“Usually, with a novel, you start with no idea what to do because your job is to create convincing characters and then they just run around getting crazy. The problem with writing a memoir, obviously, is you can’t do that because you sort of know what’s going to happen. Because you’re the character.” – Gary Shteyngart
“You may better yourself by reading this, but who cares?”
To Thine Own Self Be True
New writers need to trust themselves, Marilynne Robinson advises in an interview with Thessaly La Force for VICE. “The idea that you might do something radically brilliant—that assumption is very empowering and it has given the world a lot of really interesting things to look at,” she said.
Fame: A P&L
$500,000 annual home improvements? $125,000 allotted for annual “domestic salaries and expenses?” A $95,000 tutor for Gwyneth Paltrow’s 5-year old?

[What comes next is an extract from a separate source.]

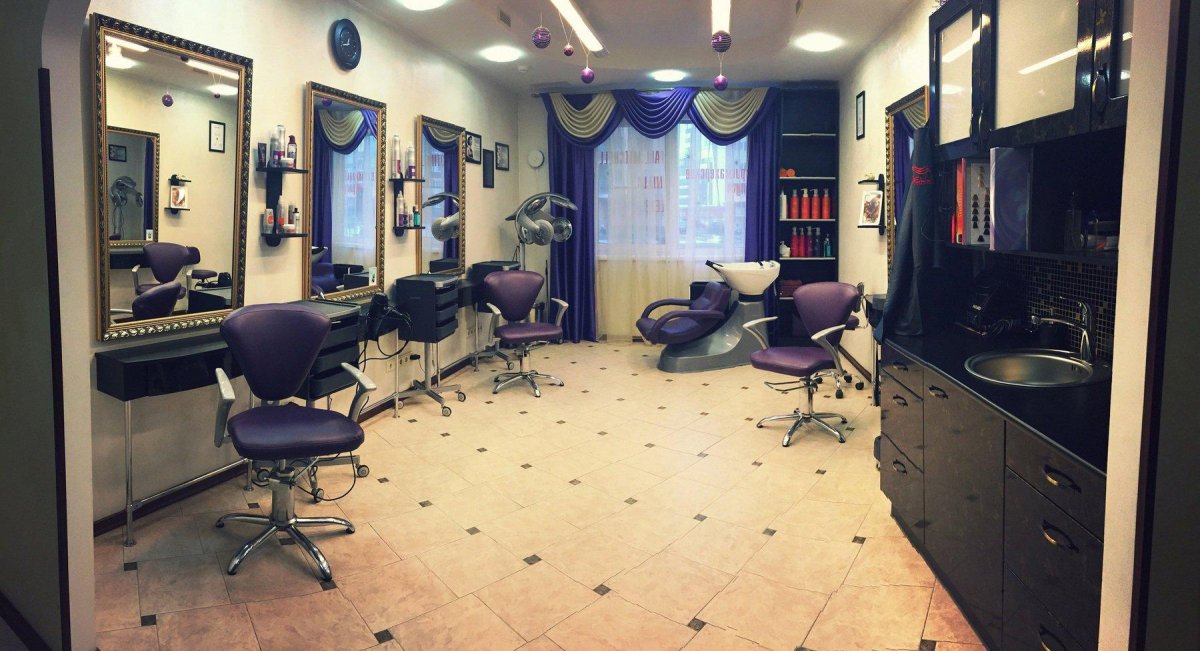 Интерьер парикмахерской эконом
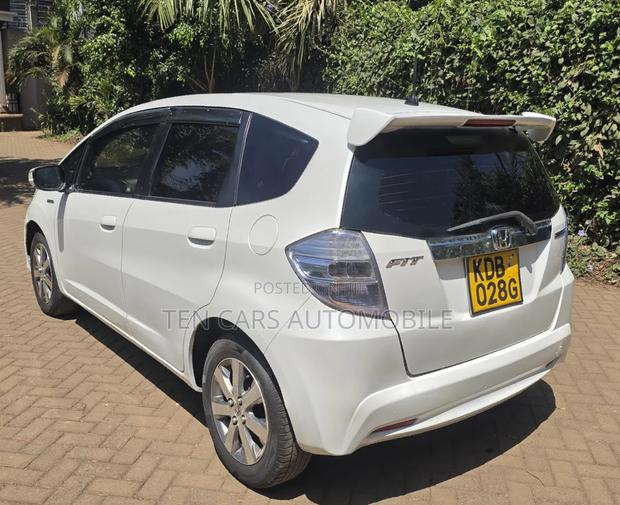 Honda Fit 2013 White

New York Magazine‘s “Celebrity Economy” package is as thorough and informative as it is revolting.
The Science of Language and Creativity
At the Philadelphia Inquirer, neurologists look at cases where serious brain injury has actually brought about higher levels of creativity in artists, particularly where linguistic ability is harmed. “Language is the bully of the brain,” [one neurologist] says. “It takes up its own space and if something else gets crowded out, too bad.” (via Book Bench)
Gonzo Film Crit at Gizmodo
At Gizmodo, the art of the Comcast movie summary. (My favorite is The Seventh Sign, though I Know Who Killed Me –an unforgettable piece of so-bad-its-good filmmaking–runs a close second.)
Bookshelf of the Masses
From Jared Fanning, a charming graphic of the world’s 10 most read books.

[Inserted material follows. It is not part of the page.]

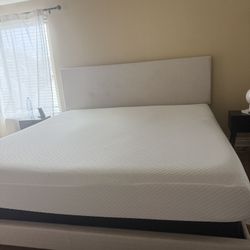 King Bed w/box Spring and mattress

Hanging Out with Alice and Margaret
Hawthorne and Melville
“Melville fell in love with the dashingly handsome older author the first time they met, and his forbidden passion drove him to create the symbol of impossible longing that now represents American literature to the rest of the world: the white whale.” On Herman Melville’s love for Nathaniel Hawthorne. Pair with a review of Hawthorne’s The Marble Faun.